[[ Dataset extract, beginning ]]

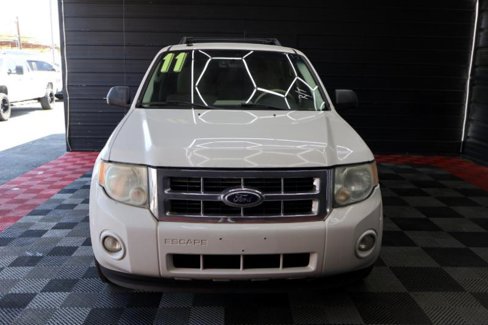Used 2011 Ford Escape XLT w/ Class II Trailer Tow Pkg image 2
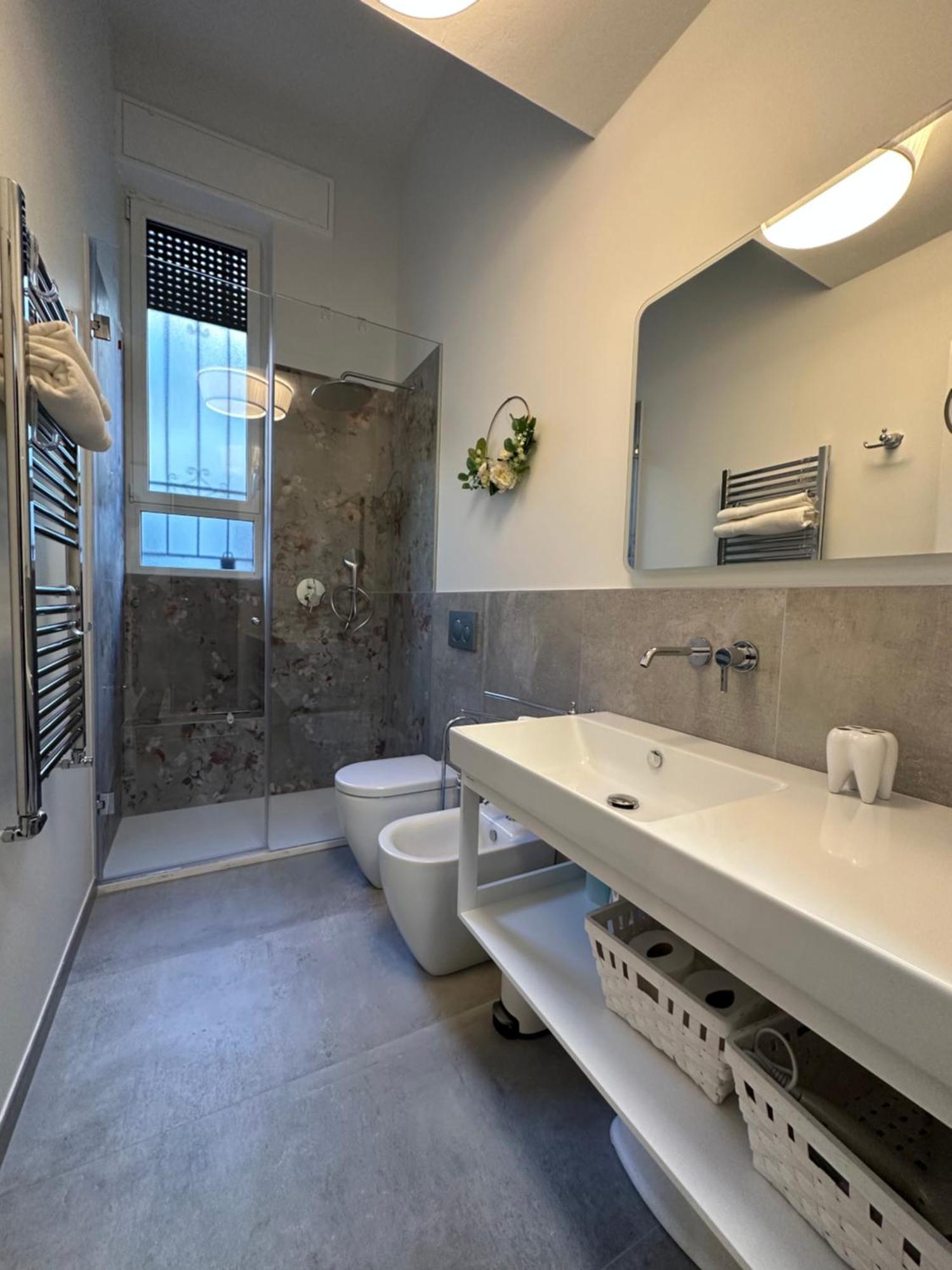 Flowers, A Cozy Suite In Milan Exterior photo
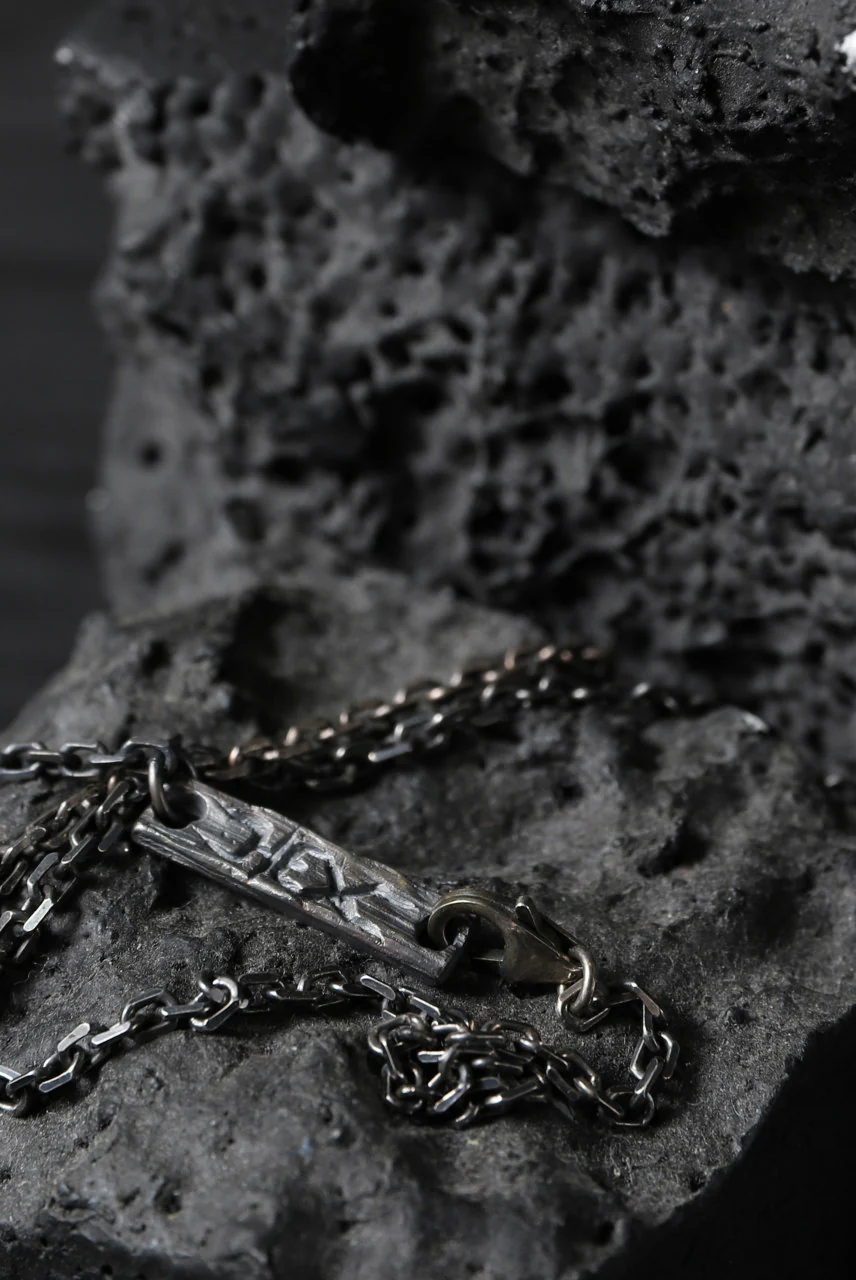 GASPARD HEX Small Horn gold plated bronze / 70cm chain - Image 16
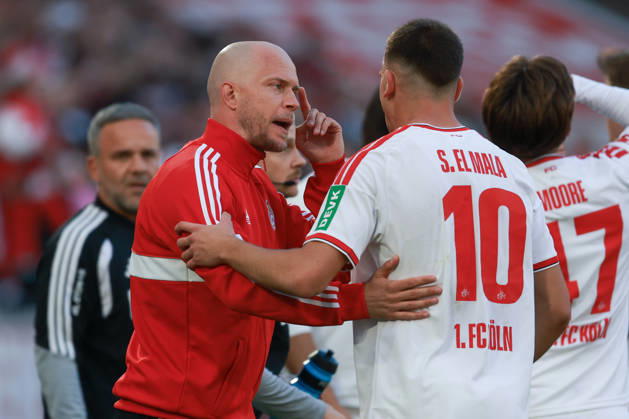 1 Bundesliga 26 27 1 FC Cologne vs. Borussia Mönchengladbach on October 11, 2026, at the RheinEnergieSTADION in Cologne. Coach Rene Wagner of Cologne gives instructions to Said El Mala immediately after the goal that made the score 2–1. MH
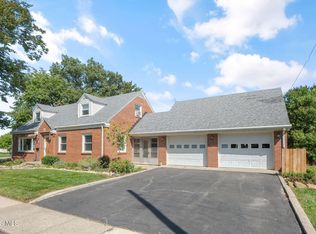 415 Buckeye St, Genoa, OH 43430
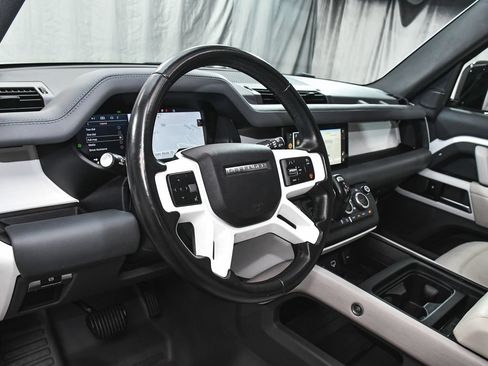 Used 2023 Land Rover Defender 110 S AWD/4WD image 18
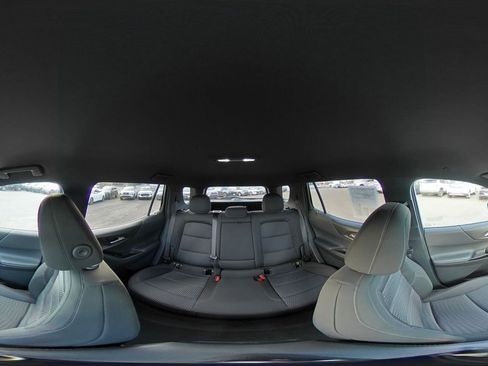 Used 2025 Chevrolet Equinox LT image 41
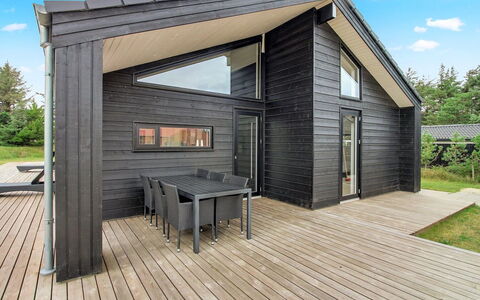Vasilka - 800M from the Sea: Maison, Toit, Domicile, Chalet, Biens, Ferme, Villa, Porche, Siding
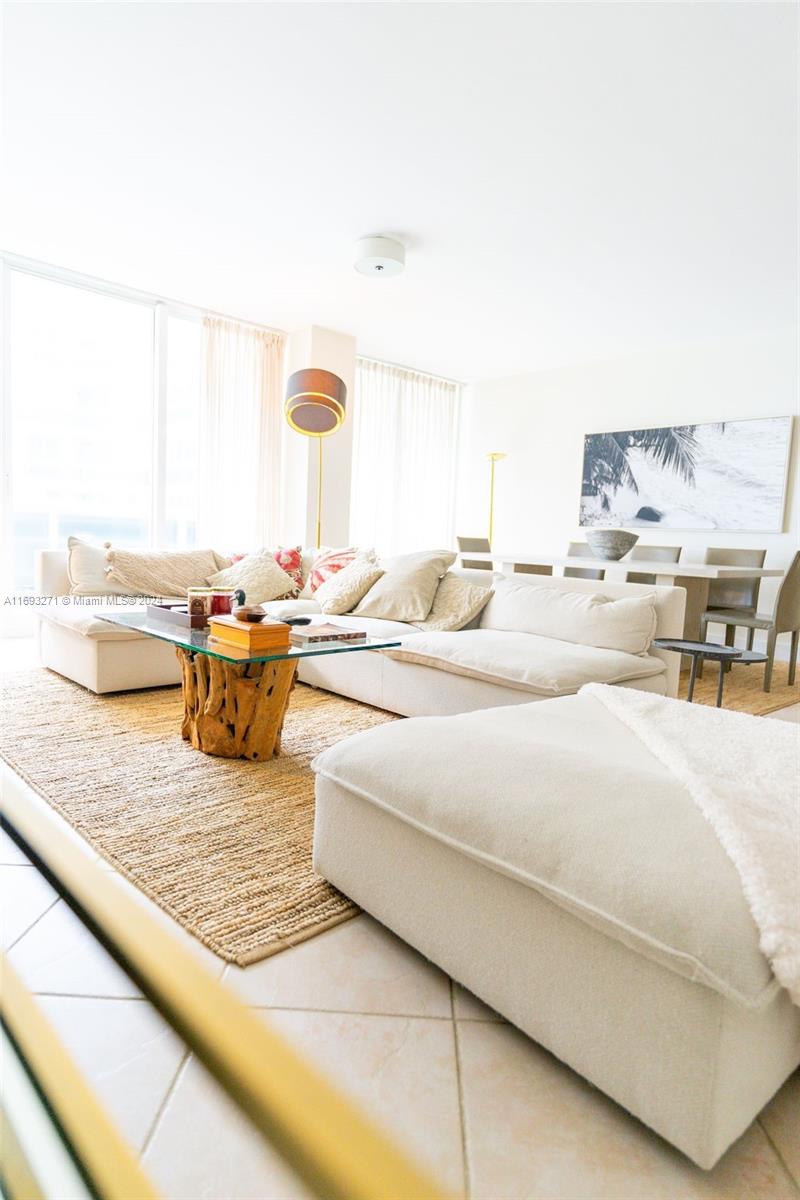 SOLIMAR CONDO - Residential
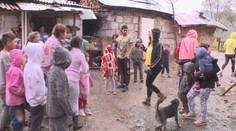 Agresívni obyvatelia osady napadli náš štáb. Týraných psov nakoniec neodovzdali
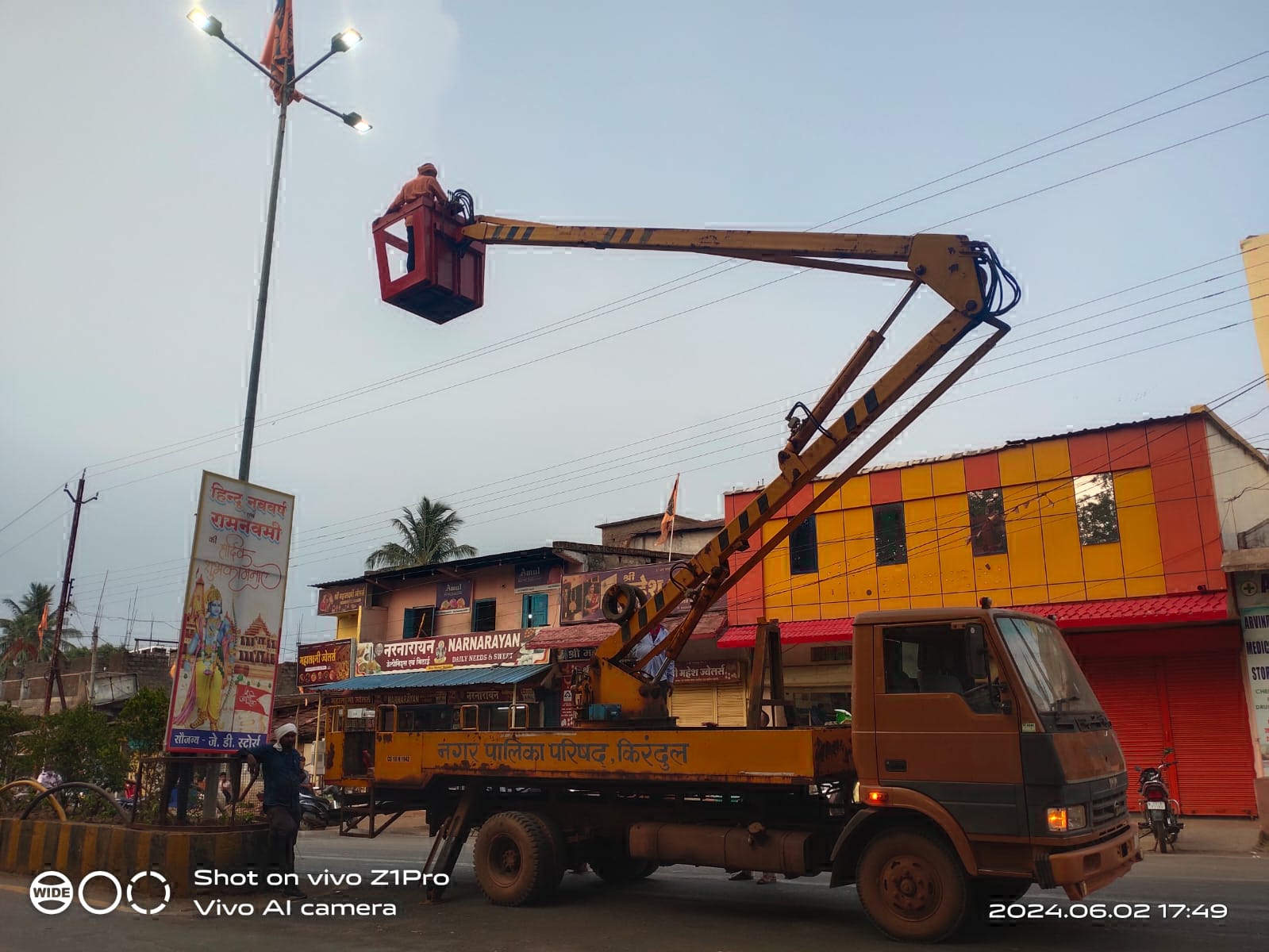 महिनों से बंद पड़ा गौरव पथ के स्ट्रीट लाईट को सुधारा गया महिनों से बंद पड़ा गौरव पथ के स्ट्रीट लाईट को सुधारा गया
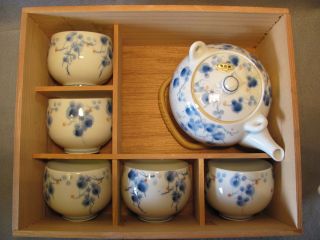   Piece (1 Tea Pot & 5 Cups) Arita Tea Set Made in Japan with Box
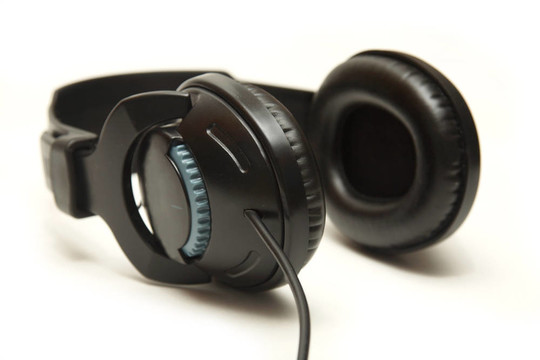 substr（耳機；0；200）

[[ Dataset extract, end ]]

_Problem description_. When you repeat the data, keep it exact and drop every picture.

_Response to the exercise_.
Used 2011 Ford Escape XLT w/ Class II Trailer Tow Pkg image 2
 Flowers, A Cozy Suite In Milan Exterior photo
 GASPARD HEX Small Horn gold plated bronze / 70cm chain - Image 16
 1 Bundesliga 26 27 1 FC Cologne vs. Borussia Mönchengladbach on October 11, 2026, at the RheinEnergieSTADION in Cologne. Coach Rene Wagner of Cologne gives instructions to Said El Mala immediately after the goal that made the score 2–1. MH
 415 Buckeye St, Genoa, OH 43430
 Used 2023 Land Rover Defender 110 S AWD/4WD image 18
 Used 2025 Chevrolet Equinox LT image 41
Vasilka - 800M from the Sea: Maison, Toit, Domicile, Chalet, Biens, Ferme, Villa, Porche, Siding
 SOLIMAR CONDO - Residential
 Agresívni obyvatelia osady napadli náš štáb. Týraných psov nakoniec neodovzdali
 महिनों से बंद पड़ा गौरव पथ के स्ट्रीट लाईट को सुधारा गया महिनों से बंद पड़ा गौरव पथ के स्ट्रीट लाईट को सुधारा गया
   Piece (1 Tea Pot & 5 Cups) Arita Tea Set Made in Japan with Box
 substr（耳機；0；200）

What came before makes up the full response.